Yes! I did, too.
Procedurals 1: Anything You Say Can and Will Be Used Against You.
This thread is for procedural TV, shows where the primary idea is to figure out the case. [NAFDA]
Me three.
and I. I didn't have trouble with Prentiss buying an expensive place--she seems to have come from lots of money.
Oh, good. Not just me. I was disappointed that Reed didn't bring that up as a possibility.
I didn't have trouble with Prentiss buying an expensive place--she seems to have come from lots of money.
TCG brought that up too.
I thought it looked like a communcator too.
and I. I didn't have trouble with Prentiss buying an expensive place--she seems to have come from lots of money.
I know that she has money, but she didnt strike me as the knind of personality tomspend that kind of money unless she really wanted something. She was ambivalent at best, I think And, the distance still isn't worth it. Trust. There is no such thing as "going against traffic" in DC.
More belated Castle commments: Do Not Want the new captain. She made me hyperventilate with annoyance on 24, and she's doing the same here.

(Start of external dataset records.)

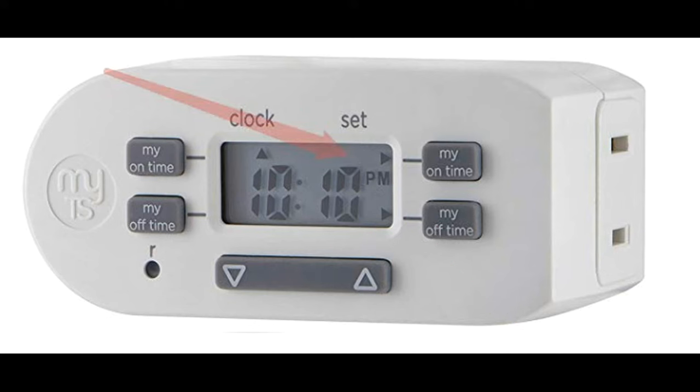The only time you will see an arrow pointing up to the word 'set' is if you are setting the time. Don't panic if you're not sure where you are — simply stop pushing any buttons and wait, and it will return to the clock showing the current time. To make it clear: the only time you will see an alarm time is if you push 'My On Time' or 'My Off Time.' Otherwise, if you see the arrow pointing to the word 'clock,' you are looking at the current time the timer is set for.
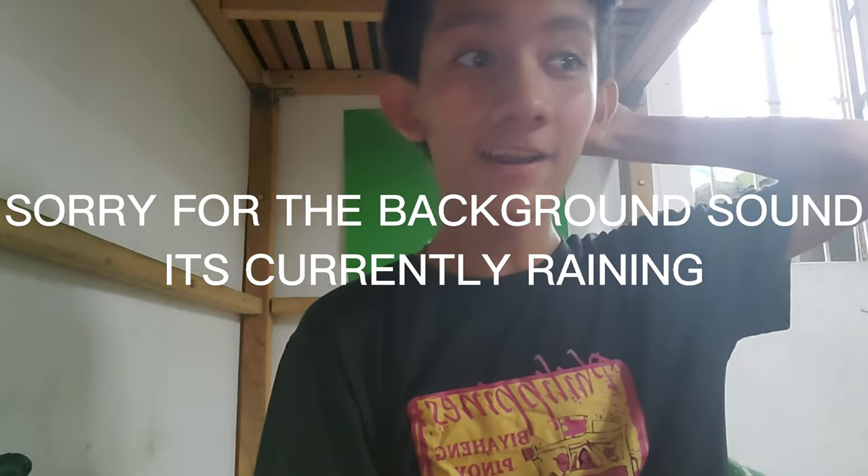What's up guys, so today we're gonna be unboxing my pen, let's open it up.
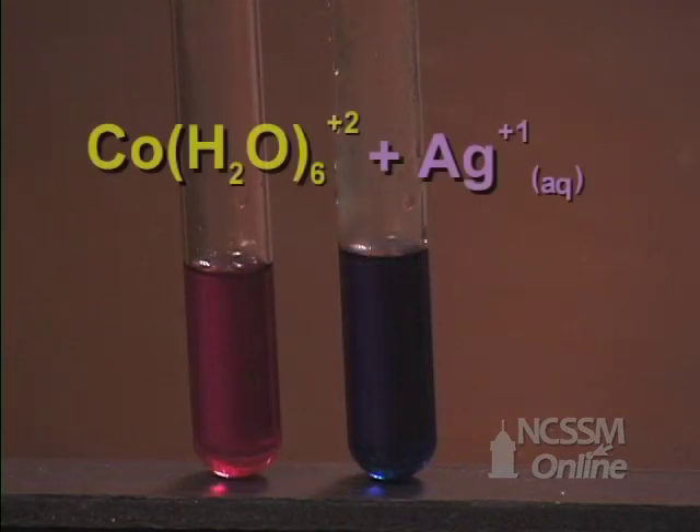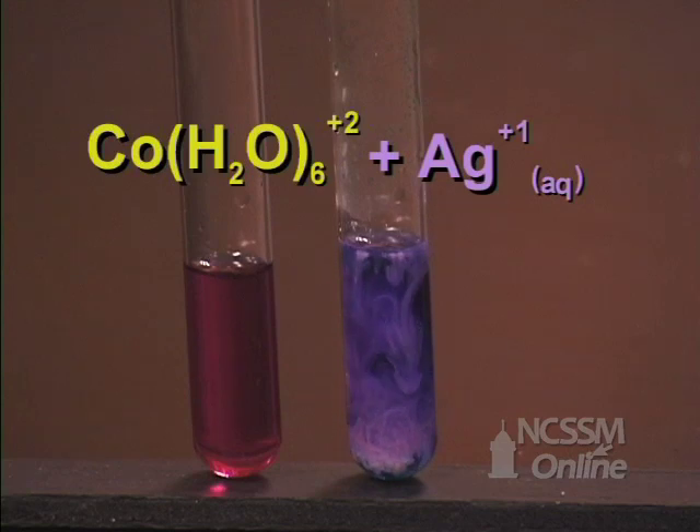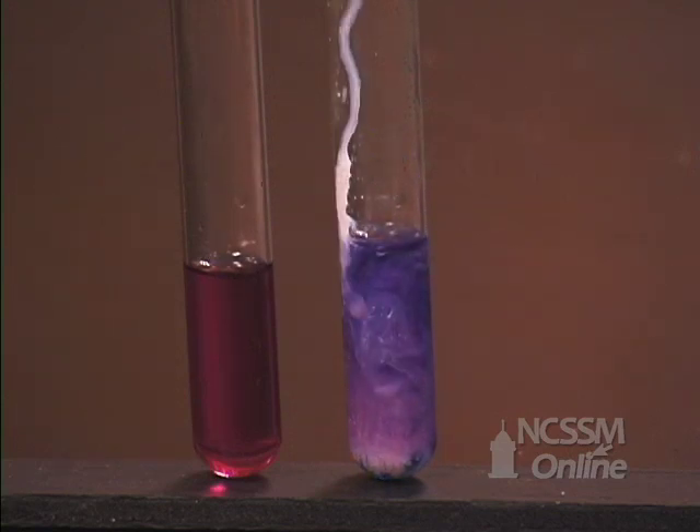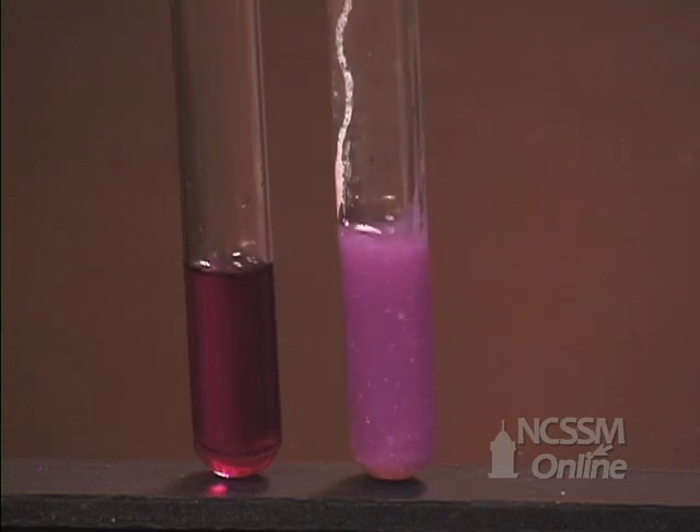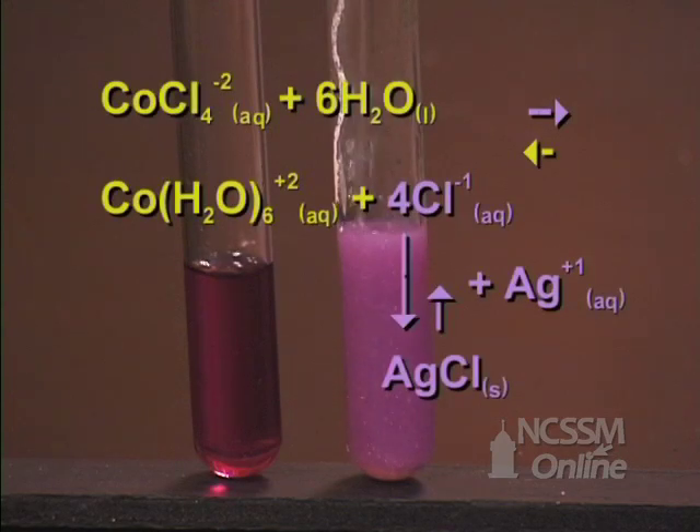We will now add some silver nitrate solution to the cobalt chloride complex ion. We notice the formation of a white solid, which is silver chloride. We also notice that the solution has turned from blue to pink. The silver ion removes chloride ion from solution as solid silver chloride. The equilibrium shifts in the forward direction to try and replace the chloride ion that has been removed.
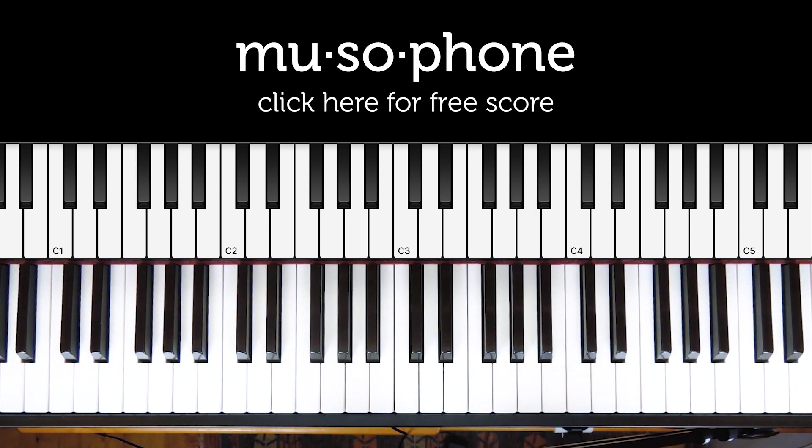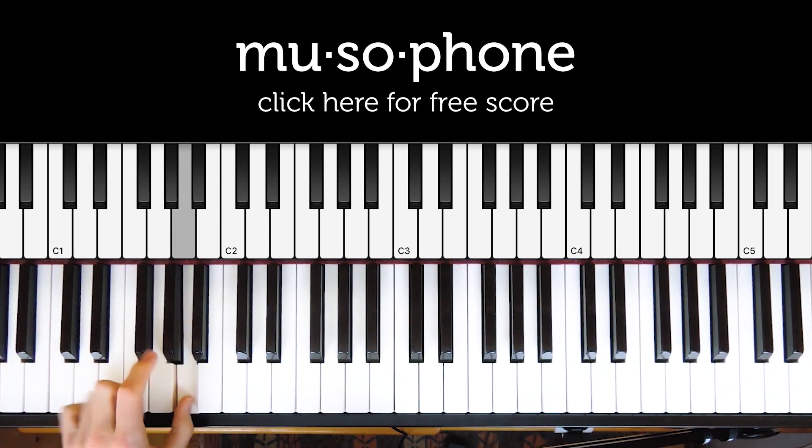That is the riff from Nas's 'Memory Lane,' which samples Ruben Wilson's 'We're in Love.' I'm just going to talk about the chords a little bit. We're in B flat major, and if we number the notes of the scale one, two, three, four, five, six, seven, and then back to one, we can analyze the riff.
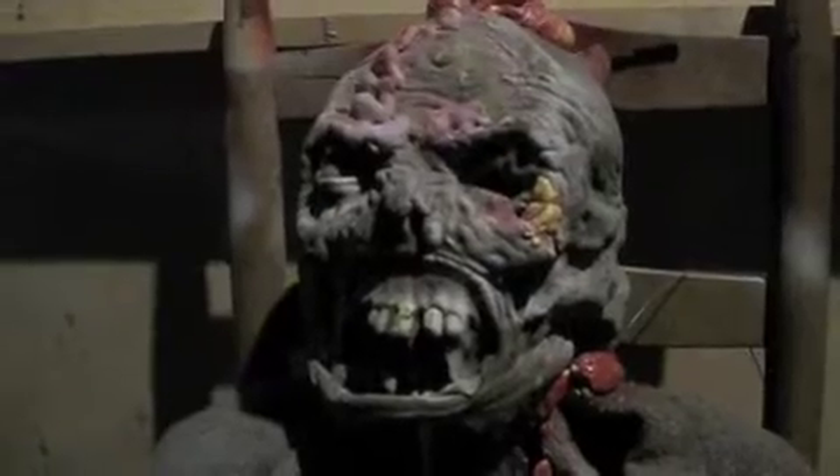Oh, you found me. Hi. Just hanging out in the haunted house. I'm trying to think of ideas.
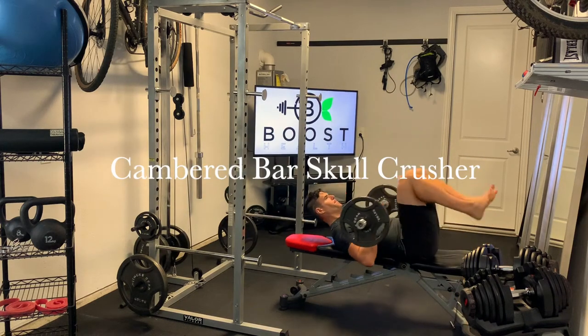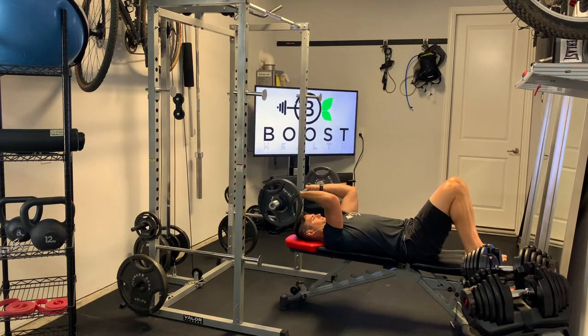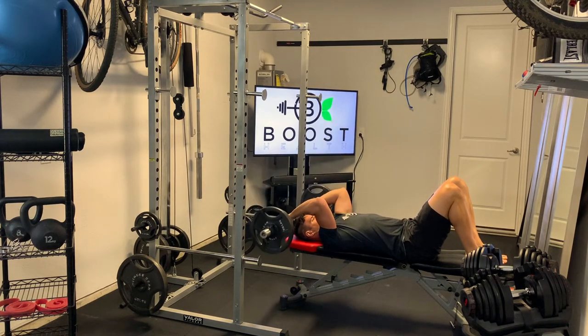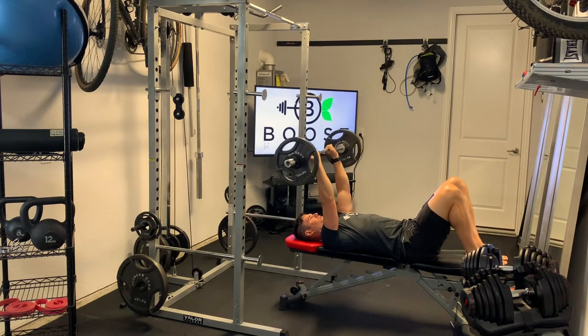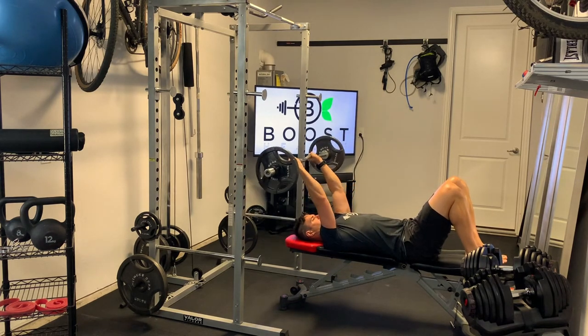This is a cambered bar skull crusher. To begin, we're just going to rock the bar back to our start position where the arms are above the shoulders, and we're going to lower that bar down until we achieve a nice 90 degree angle in the elbow. That upper arm shouldn't move — from your elbow to your shoulder should be fairly still.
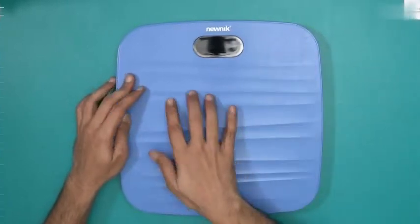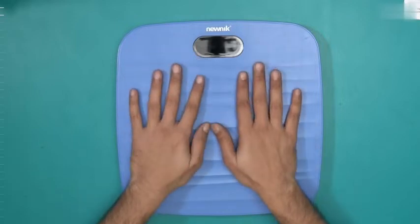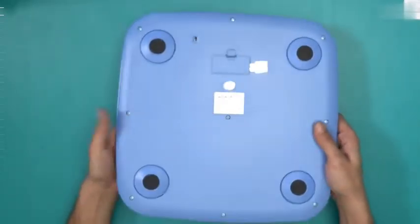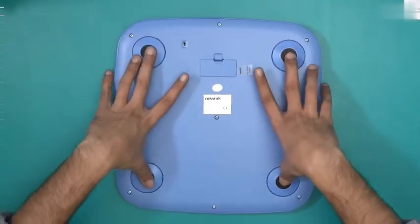This is the blue variant and it has a striation on the surface, just to give you comfort and a solid grip when you stand on it. Let's take a look underneath — it's also blue in colour, and these are the four anti-slip rubber stops.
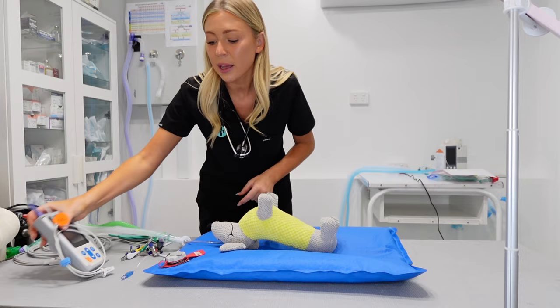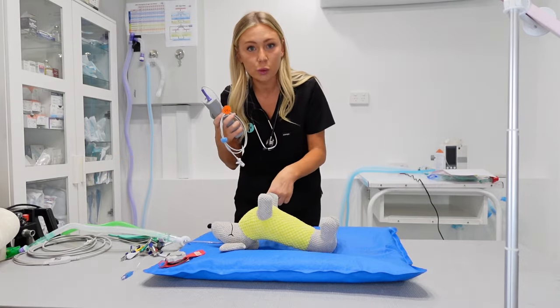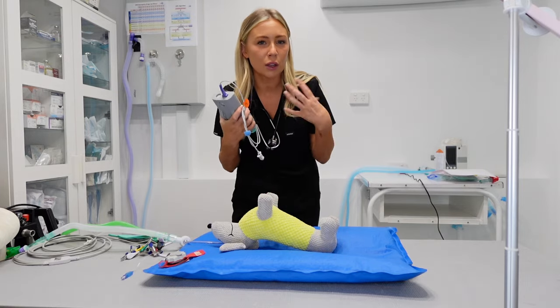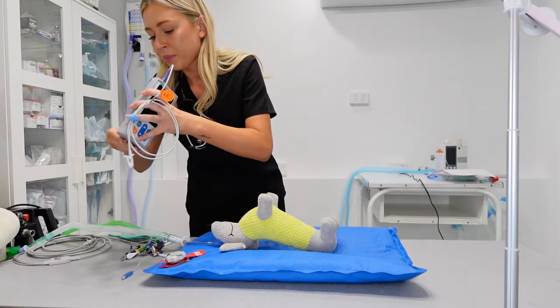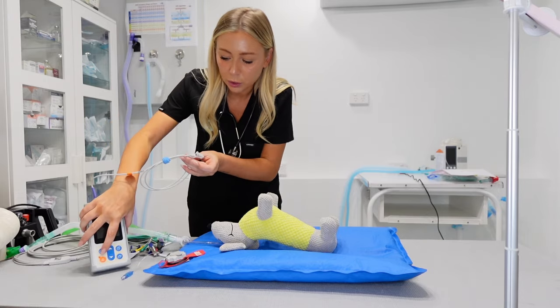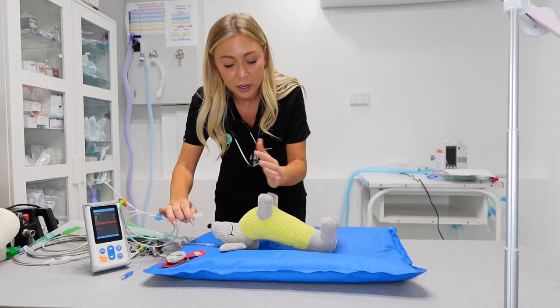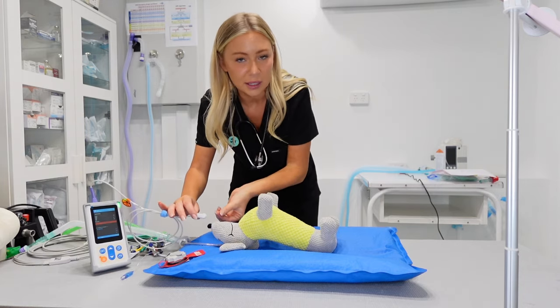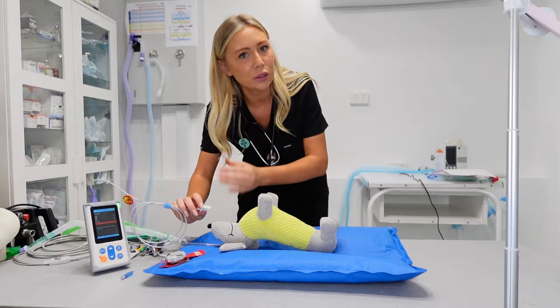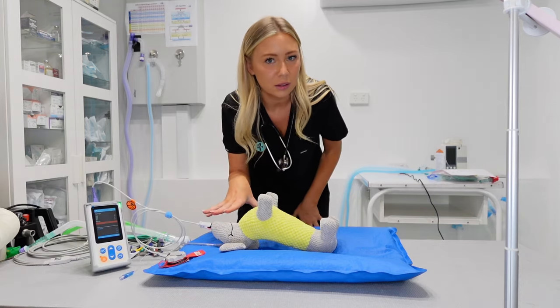Next one I'm going to attach is my SpO2. I just want to get a rough SpO2, making sure that the tube is in nicely and that we've got a nice oxygen level going on there, and pulse rate. So I would turn this one on and attach it. When we're in a sternal recumbency like this, the tongue is easy to access, so I would always go to the tongue first.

I'm not enjoying hating her. I just hate her.
I got my free week of Hulu Plus so I could watch all of season 4, and am now in the middle of Kick the Ballistics, where Ryan's old gun is used in an execution. I love the little things, like as Beckett and Castle are bursting into the interrogation room to haul Ryan off the undercover cop, Esposito is standing back and grinning.
Comment on Sherlock (As long as they have Lestrade, technically it has a procedural aspect right?). How did Sherlock get fooled into thinking the corpse was Irene? Either Irene found a corpse who was her twin from the neck down on very short notice, or she found a body double years ago and killed her and mutilated the face when she needed to fake her death. The third explanation is that Sherlock knew it wasn't her, but pretended to be fooled to help Irene survive, and the "heartbreak" was just acting. Any possible explanations besides those three? (Well other than the writers left a plot hole either because they missed it, or because they weren't going let a gaping plot hole get in the way of telling the story they wanted to tell.)
Handwavium? didn't watch, so I have nothing substantive to add.
It didn't make sense to me either - unless he was somehow in on it.
Perhaps he could tell it wasn't her but felt that pretending she was dead was better?
ETA: Possibly to see what she would do next.